Вселенная — безграничная масса вещества, находящегося в движении. Движется Земля вокруг Солнца. Луна движется вокруг Земли. Каждая планета имеет свой путь движения, и каждый спутник описывает вокруг неё определённую, математически точную фигуру. Но и само Солнце со всеми своими планетами, в свою очередь, движется куда-то по направлению звезды Веги. И каждая звезда — это такая же солнечная система, находящаяся в движении. Движется весь небесный свод. Движется неисчислимое множество звёзд Млечного Пути, и движется каждый атом вещества, из которого состоит мир, и в каждом атоме движутся, по строго определённым математическим законам, составляющие его электроны. В неизменном движении пребывает этот никем не созданный мир.

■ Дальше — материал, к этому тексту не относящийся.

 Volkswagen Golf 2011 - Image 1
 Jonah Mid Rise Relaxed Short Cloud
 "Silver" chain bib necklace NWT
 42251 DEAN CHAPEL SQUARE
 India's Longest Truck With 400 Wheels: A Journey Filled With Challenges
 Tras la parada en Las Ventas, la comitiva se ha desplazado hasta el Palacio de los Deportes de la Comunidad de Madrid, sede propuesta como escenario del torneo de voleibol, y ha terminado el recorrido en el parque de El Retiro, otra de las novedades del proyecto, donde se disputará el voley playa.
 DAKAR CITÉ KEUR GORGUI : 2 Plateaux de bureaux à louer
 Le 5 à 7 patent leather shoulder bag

Без смысла, без цели. Как у чудовищной машины вертятся его колеса и уносят его в вечность. Что же такое в этом мире — Я? И я кусочек такого же вещества. И я такая же комбинация атомов. И моя жизнь — бесцельная, ни для чего не нужная игра этих движущихся неделимо малых частиц, которые в своём движении скомбинировались так, что явилась моя ни для чего не нужная личность, чтобы потом опять рассыпаться, точно кубики разных форм и цветов, для чьей-то забавы. Наступит момент, когда сгорит или остынет Земля. То есть атомы вещества так скомбинируются на ней, что прекратится всякая жизнь. Но вещество не уничтожится никогда. Атомы и электроны будут продолжать своё бесцельное движение. Вечно будут двигаться колёса громадной машины, уничтожаться и вновь возникать миры. Нет высшего разума. Нет высшего смысла. Нет высшей целесообразности в жизни вселенной. Бездушное холодное вещество всегда было и вечно будет. И это всё… Вот твоя истина. Вот чем ты гордишься. Вот от чего торжествуешь. И ты скажешь — это не безумие?